Rubin and his companies also contribute significantly to charities.
HELE’s fortunes and stock price are subject to the vagaries of economic times. Products are exposed to fluctuations in prices for raw minerals, electrical components and chemicals.
Sales in beauty products declined in 2008 as much as 6% during that recession. Rubin responded by dropping low-margin goods to improve company margins, grow earnings and swell cash balances, while continuing to invest in new lines.
One analyst wrote, “I was very impressed how their SG&A costs came down so much. These guys know how to manage their business.” By the end of the first quarter in 2011, earnings grew 26.7%, driven by higher sales and robust gross-margin expansion.
HELE receives its share of criticism. Some analysts say the company relies too heavily on commodity-type products and grows too fast through acquisitions. Overseas manufacturing operations expose it to fluctuations in multi-government currency climates. Good company cash flow has never been used to pay dividends, while corporate executives benefit from overly generous salaries and stock options.
Rubin’s recent resignation as chairman, CEO and member of the board of directors comes abruptly with hammer-like finality to a stellar career.

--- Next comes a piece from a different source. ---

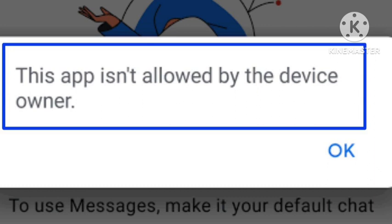The actual reason this problem arises is when we switch our device to guest user or safe mode. What happens is when we switch off our device and try to restart it, our phone gets switched to guest user or safe mode — that's why this problem arises.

HELE will sever the positions of CEO and chairman, realizing a net savings in compensation in 2015 of about $30 million, or 9 cents per share. Rubin’s golden parachute charge-off in the 2014 fiscal year amounts to more than $16m., or 50 cents per share.
Rubin is the apotheosis of entrepreneurial success straddling the clashes of family business and corporate commix.
The brittle irony is that he leaves with quarterly earnings beating expectations and the stock price reaching a new high.
He is taking a short pause focusing on his substantial real-estate holdings, but as Mark Twain said, “No word was ever as effective as a rightly timed pause.”
Entrepreneurs, you can learn from Gerald Rubin, who personifies Shel Silverstein’s wisdom: “Listen to the mustn’ts, child. Listen to the don’ts. Listen to the shouldn’ts, the impossibles, the won’ts. Listen to the never haves, then listen close to me... Anything can happen, child. Anything can be.”